CHARLOTTESVILLE, Va. — An avowed white supremacist was sentenced to life plus 419 years on federal hate crime charges Monday for deliberately driving his car into anti-racism protesters during a white nationalist rally in Virginia.

James Alex Fields Jr., 22, received the sentence for killing one person and injuring dozens during the “Unite the Right” rally in Charlottesville on Aug. 12, 2017.

Last month, Fields received a life sentence on 29 federal hate crime charges.

Judge Richard Moore followed a state jury’s recommendation in handing down the sentence. Under state law, he was allowed to go lower than the recommendation, but not higher.

The state sentence is mainly symbolic given his previous sentence on the federal charges.

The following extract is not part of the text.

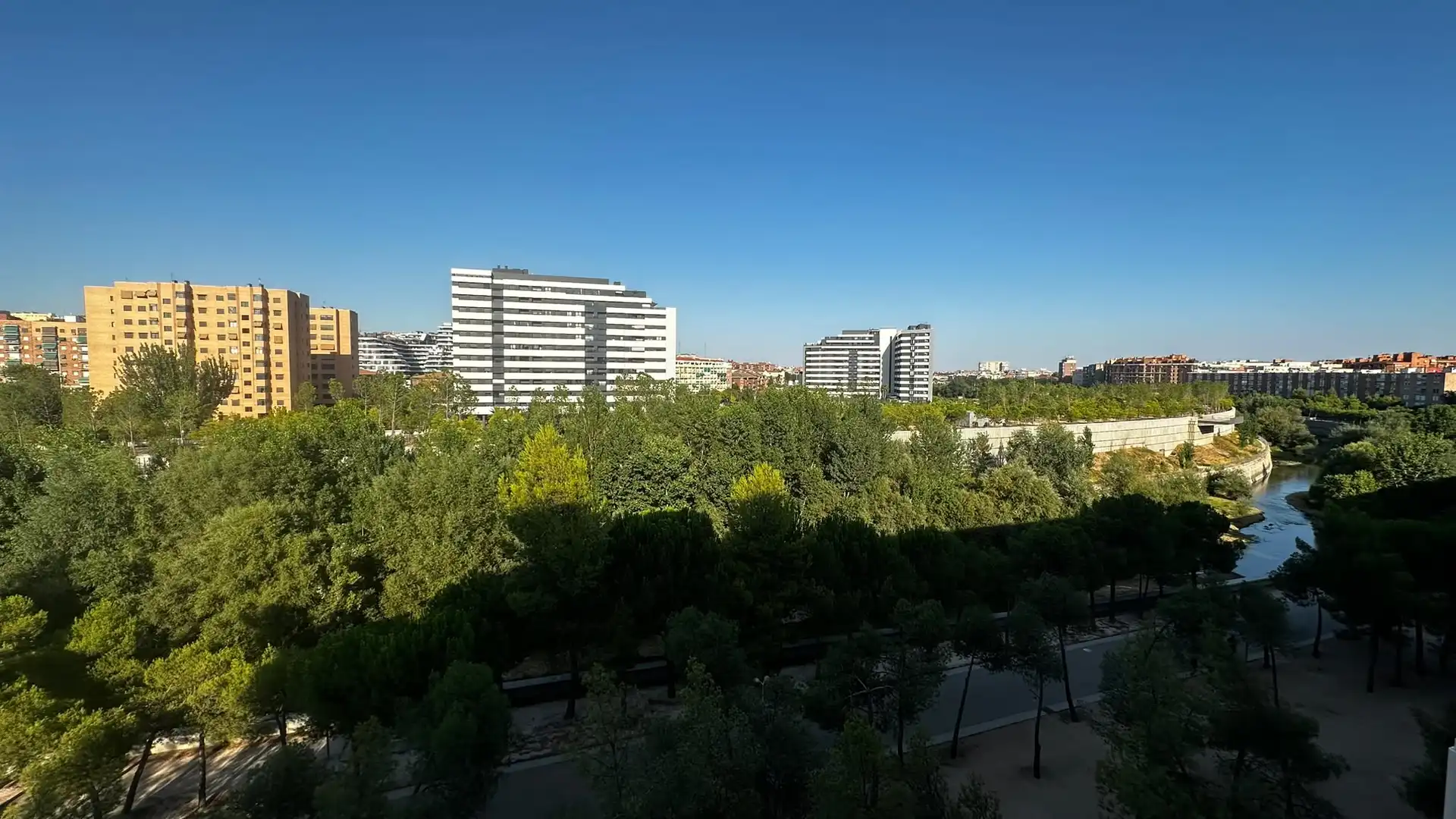 Exterior view of Flat for rent in Madrid  with Heating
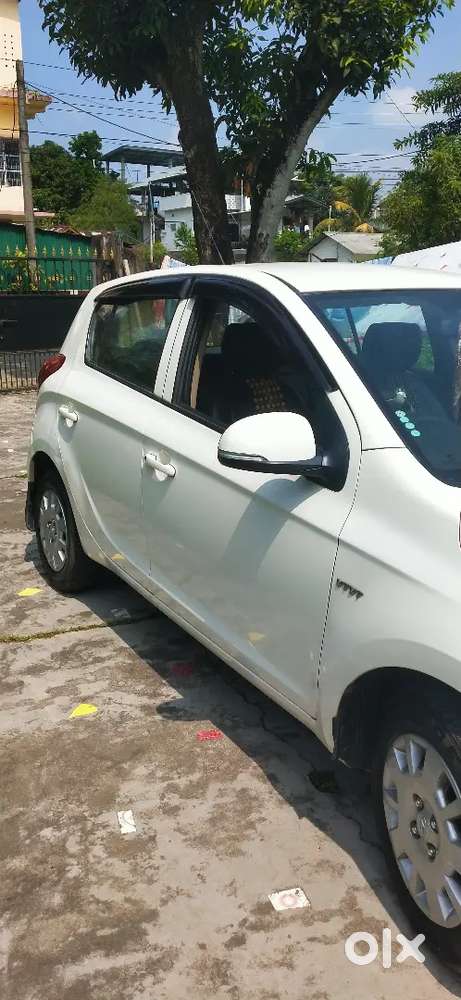Hyundai I20 Magna 2012 With 41734 Km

“For his purposes, he has one life to give, so this is a largely academic exercise,” noted Jonathan Turley, a law professor at George Washington University.

Fields, an avowed white supremacist who kept a photo of Adolf Hitler on his bedside table, drove from his home in Maumee, Ohio, to attend the rally, which drew hundreds of white nationalists to Charlottesville to protest the planned removal of a statue of Confederate Gen. Robert E. Lee. The event also drew counterprotesters who demonstrated against the white nationalists.

Violent skirmishes between the two sides prompted police to declare an unlawful assembly and to order the groups to disband before the rally could even begin. Later that day, Fields plowed his car into a crowd of counterprotesters, killing Heather Heyer , 32, and injuring more than two dozen others.

The event stirred racial tensions around the country. President Donald Trump sparked controversy when he blamed the violence at the rally on “both sides,” a statement that critics saw as a refusal to condemn racism.

During Fields’ state trial, his attorneys focused on his history of mental illness and traumatic childhood.